Apple-related reports add another possible external validation vector, but also require caution. Reuters reported that President Trump said Apple had agreed to work with Intel to design and manufacture chips in the U.S., and analysts viewed a potential Apple contract as reputationally important because it would help lock in demand and validate Intel’s manufacturing ramp. However, the specific chips, volumes, timing, economics, and manufacturing responsibilities were not disclosed in the report. Apple and Intel did not provide equivalent granular confirmation in that report.
The foundry underwriting case should be split into 3 layers. The 1st layer is advanced packaging and system integration, where Intel may have a more realistic near-term wedge. The 2nd layer is internal product manufacturing on 18A and 18A-P, where success can improve Intel Products competitiveness even without large external customers. The 3rd layer is true external leading-edge foundry at 14A and beyond, where the payoff could be large but qualification cycles, customer concentration, process risk, and capital intensity make evidence sparse. The market should assign different probabilities and time horizons to each layer rather than treating “Intel Foundry” as a single binary bet.

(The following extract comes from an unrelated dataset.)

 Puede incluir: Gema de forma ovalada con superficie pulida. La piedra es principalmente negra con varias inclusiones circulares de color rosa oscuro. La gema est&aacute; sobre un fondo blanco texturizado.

ADVANCED PACKAGING AS A STRATEGIC WEDGE
Tan’s comments on advanced packaging are especially important. The industry’s bottleneck is no longer only transistor density. CoWoS capacity, HBM integration, substrate constraints, thermal management, chiplet integration, interconnect density, and rack-level power delivery are now central constraints in AI systems. This improves the strategic value of advanced packaging capabilities even if Intel does not immediately win large external leading-edge logic wafer share.
Intel has reorganized to emphasize this opportunity. Intel appointed Seok-Hee Lee as EVP of Intel Foundry, with responsibility including advanced packaging, system integration, and back-end operations, and identified packaging as a focused business while referencing EMIB-T and HBI high-volume packaging technologies. The same announcement emphasized accelerating 18A, 14A, and future process technologies and building an operating model that improves customer confidence, speed, and predictability.
This supports a credible strategic path: Intel may find commercial traction first in advanced packaging, heterogeneous integration, CPU/GPU/ASIC chiplet connectivity, and system-level integration before achieving broad parity in merchant leading-edge logic. For AI infrastructure customers, the package, memory interface, interconnect, power delivery, and thermal envelope can be as important as the transistor node. Intel’s EMIB, Foveros, glass substrate work, and back-end integration could become commercially valuable even in scenarios where TSMC remains the dominant front-end manufacturer for the most advanced GPUs.
The key risk is that advanced packaging itself is becoming fiercely competitive. TSMC’s CoWoS franchise remains deeply embedded in Nvidia and hyperscaler AI systems. Samsung, ASE, Amkor, UMC-linked partners, substrate suppliers, and OSAT ecosystems are all investing aggressively. Intel must demonstrate not only technology capability, but also high-volume yield, customer qualification, cost competitiveness, and supply-chain reliability. The packaging wedge is attractive, but it is not uncontested.